By the same token, though, you also shouldn't believe that the proposition "Austin is wearing a yellow shirt" is false. Your ignorance of what I am wearing should prevent you from denying this proposition the same way it prevents you from affirming it. As you can see, not believing that this proposition is true isn't the same as believing the proposition is not true: not affirming that I am wearing a yellow shirt doesn't entail denying that I am wearing a yellow shirt.

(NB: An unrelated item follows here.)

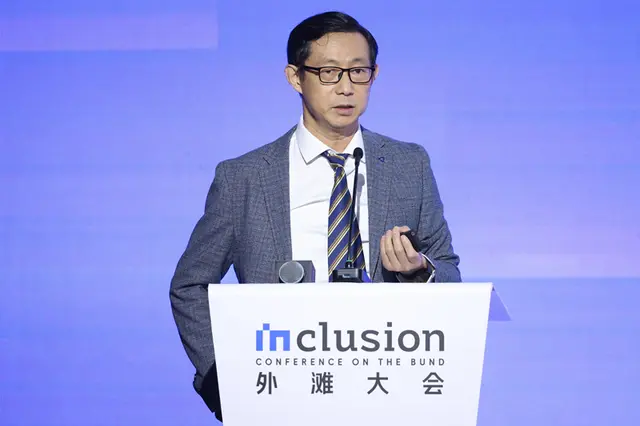 学者：AI时代人类需守住三种能力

This describes the most basic level of disbelief: you don’t actively believe my claim, but you don’t deny it either. Many atheists take this position with respect to theistic claims when those claims are too vague or incoherent to adequately evaluate. Obviously such claims don’t merit rational belief, but there simply isn’t enough substance to say anything more about them.

 

Visiting Canada

A broader range of responses to a proposition can be seen through a more complicated scenario. If I tell you that I visited Canada last week, would you believe me? Visiting Canada is common and unremarkable, so there is no reason to think that my statement is false, but, you also have no reason to think it is true. You could accept me at my word, but you could just accept my claim as plausible without giving it further thought, much less believing it is true.

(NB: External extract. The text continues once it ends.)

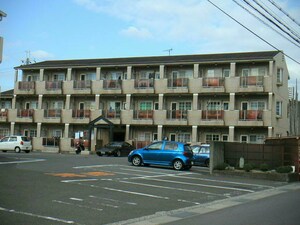 コーポ三沢外観写真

We can modify my claim to state that I crawled from my house to Canada. Again, such a feat is logically possible — but it also isn’t very likely. Why would anyone do such a thing? While you might step right up to assert that my claim is false, a more cautious position would be to “reject belief in” my claim pending further evidence and support. You aren’t actively believing it (because it seems implausible) but you aren’t denying it either (because it’s not impossible).

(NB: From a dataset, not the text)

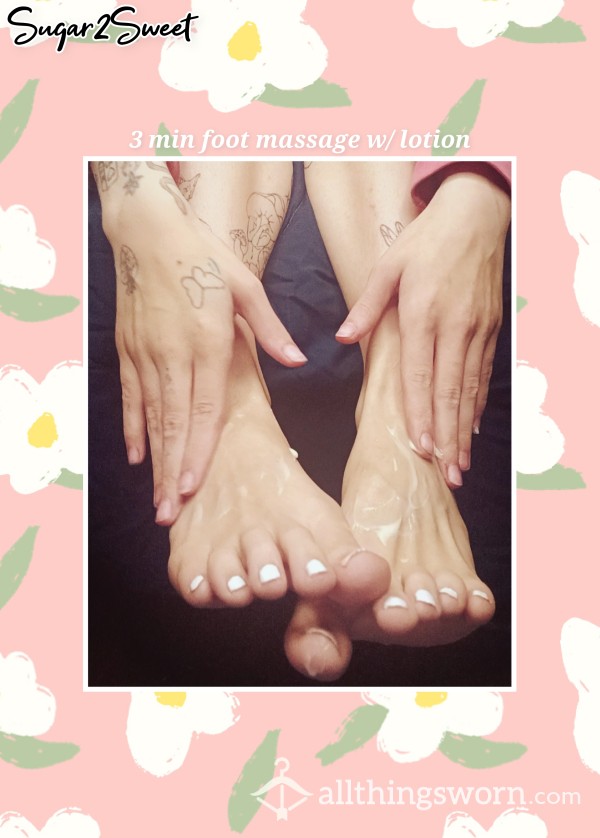 ✨️Foot Ma**age W/ Lotion✨️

Once again, not believing that a proposition is true doesn't entail believing that the proposition is false. This narrower form of disbelief is also a common atheistic reaction to theistic claims. In such cases the claims are coherent and understandable, but there is a lack of substantive support — for example, actual evidence to back the claims up. Lacking sufficient evidence to warrant rational belief, the atheist does not adopt the belief — but the atheist also does not necessarily deny the claim due to a similar lack of contrary evidence. The reaction, then, is to simply “reject belief in” the claim because the theist offers no good reasons to believe.

 

Belief vs. Disbelief vs. Denial

It should be fairly clear now that there are more that while there is no middle ground between the presence or absence of belief that some proposition is true, it's not the case that one has to either positively affirm or actively deny that any given proposition is true. Disbelief in a proposition may be nothing more than the absence of belief that the proposition is true and this may be due to nothing more than ignorance of the proposition, though it may be due to other reasons, like a desire to think longer about it or gather more evidence.

Disbelief in a proposition might go a bit further as the active rejection of belief that it is true, but without going so far as to actively deny that it is true. Denying that a proposition is true is the same as affirming that it's contradictory proposition is true but the evidence might not warrant this any more than affirming the truth of the original claim.

Once again, there are any number of possible reasons for why a person might refuse to accept a proposition as true without also asserting the contradictory is true — they don't even have to be good reasons. What matters is the fact that a failure or refusal to believe a proposition, including the proposition that some god is true, doesn't require that one assert that that proposition s false.